═══ Provided records

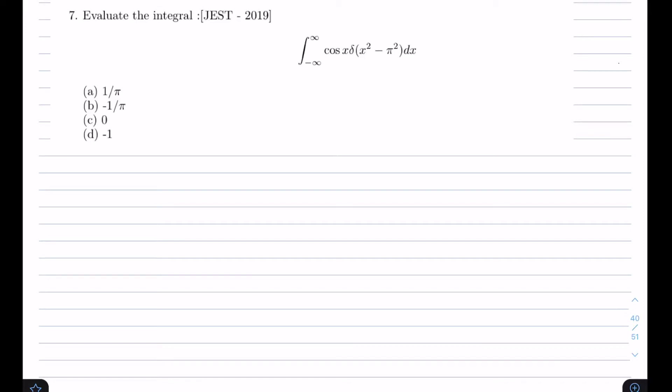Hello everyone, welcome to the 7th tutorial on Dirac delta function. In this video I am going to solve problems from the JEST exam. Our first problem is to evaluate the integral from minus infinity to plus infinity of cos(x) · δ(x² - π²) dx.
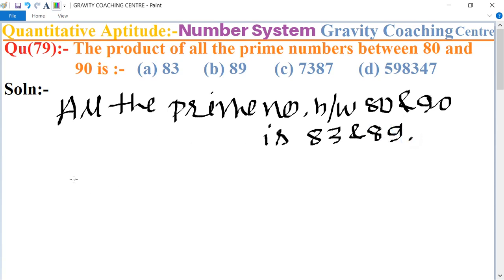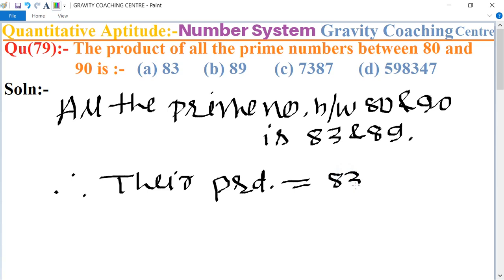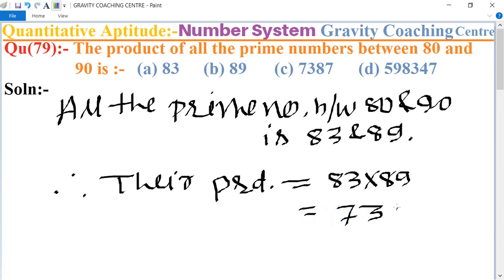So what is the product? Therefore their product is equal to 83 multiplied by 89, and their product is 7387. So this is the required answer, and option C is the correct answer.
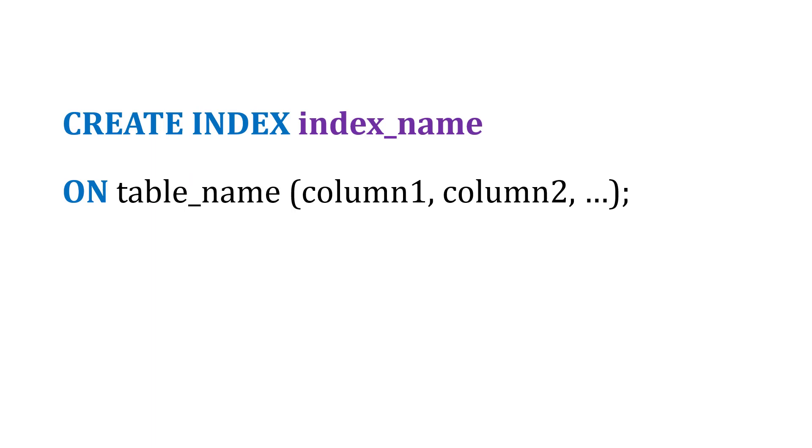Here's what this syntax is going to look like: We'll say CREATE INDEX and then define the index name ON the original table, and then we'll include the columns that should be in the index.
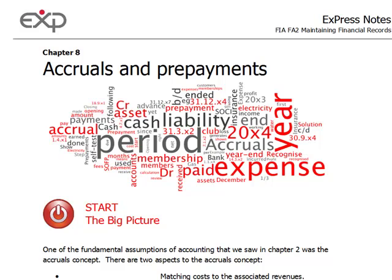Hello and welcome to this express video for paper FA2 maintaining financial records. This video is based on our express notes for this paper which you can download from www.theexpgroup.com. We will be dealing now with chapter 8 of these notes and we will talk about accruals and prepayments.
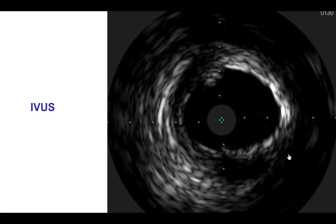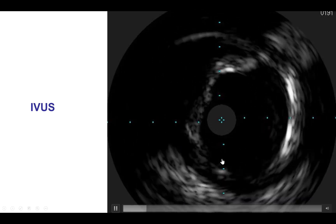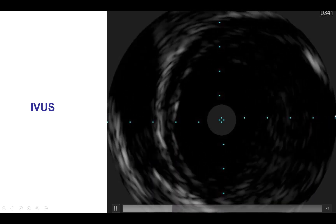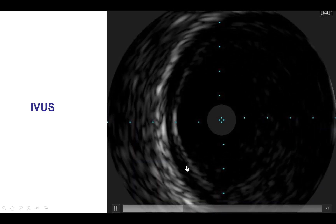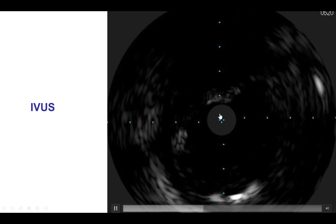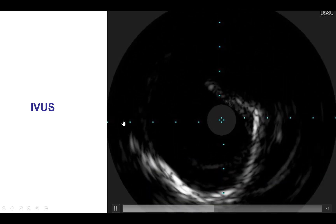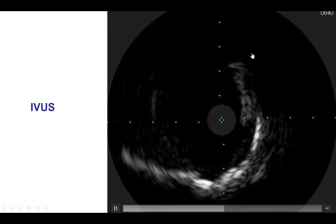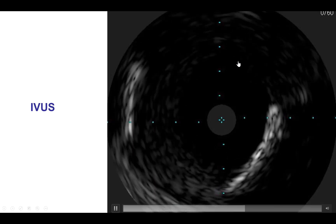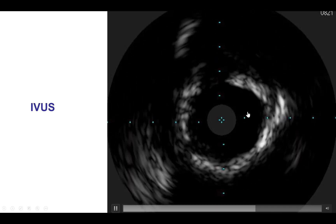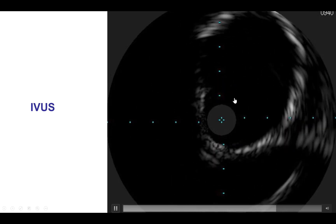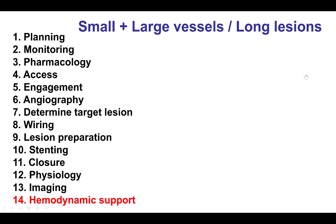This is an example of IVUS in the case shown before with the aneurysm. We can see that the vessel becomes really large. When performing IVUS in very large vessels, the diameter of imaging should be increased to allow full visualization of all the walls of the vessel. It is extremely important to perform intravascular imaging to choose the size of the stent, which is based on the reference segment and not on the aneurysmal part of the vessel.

══════
═══ Provided records

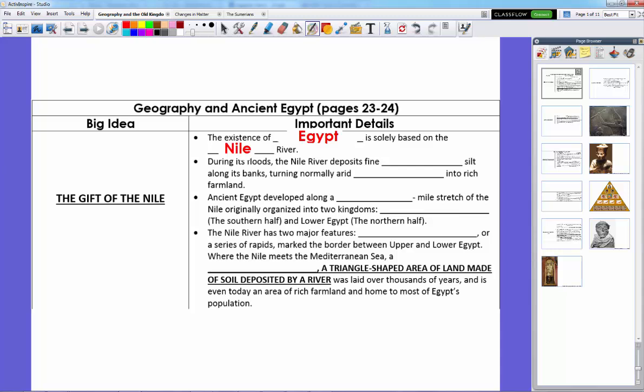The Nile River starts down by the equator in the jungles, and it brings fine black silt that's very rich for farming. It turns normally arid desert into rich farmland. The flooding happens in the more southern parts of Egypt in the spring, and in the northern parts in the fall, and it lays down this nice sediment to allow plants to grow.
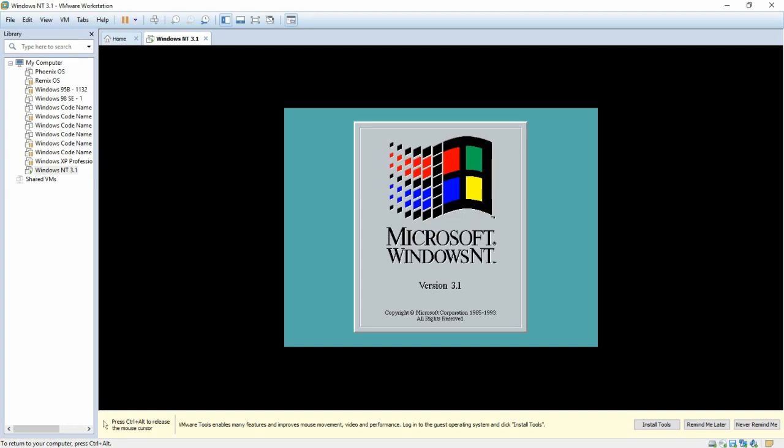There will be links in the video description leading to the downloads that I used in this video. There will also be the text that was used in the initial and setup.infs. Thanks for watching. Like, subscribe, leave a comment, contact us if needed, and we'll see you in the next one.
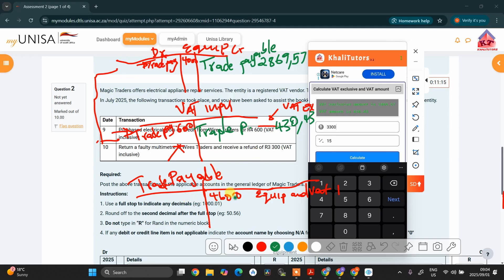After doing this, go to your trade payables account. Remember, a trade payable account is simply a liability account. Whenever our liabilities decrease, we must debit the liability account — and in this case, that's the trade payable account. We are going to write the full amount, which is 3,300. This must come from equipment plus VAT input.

══════

Your assignment: From the records above, output only the lines starting at the one containing "Hello everyone, welcome" and ending at the one containing "This is an example", word for word. Pictures stay out.

Result for this exercise:
Hello everyone, welcome to the 7th tutorial on Dirac delta function. In this video I am going to solve problems from the JEST exam. Our first problem is to evaluate the integral from minus infinity to plus infinity of cos(x) · δ(x² - π²) dx.
So what is the product? Therefore their product is equal to 83 multiplied by 89, and their product is 7387. So this is the required answer, and option C is the correct answer.
Here's what this syntax is going to look like: We'll say CREATE INDEX and then define the index name ON the original table, and then we'll include the columns that should be in the index.
Hello and welcome to this express video for paper FA2 maintaining financial records. This video is based on our express notes for this paper which you can download from www.theexpgroup.com. We will be dealing now with chapter 8 of these notes and we will talk about accruals and prepayments.
This is an example of IVUS in the case shown before with the aneurysm. We can see that the vessel becomes really large. When performing IVUS in very large vessels, the diameter of imaging should be increased to allow full visualization of all the walls of the vessel. It is extremely important to perform intravascular imaging to choose the size of the stent, which is based on the reference segment and not on the aneurysmal part of the vessel.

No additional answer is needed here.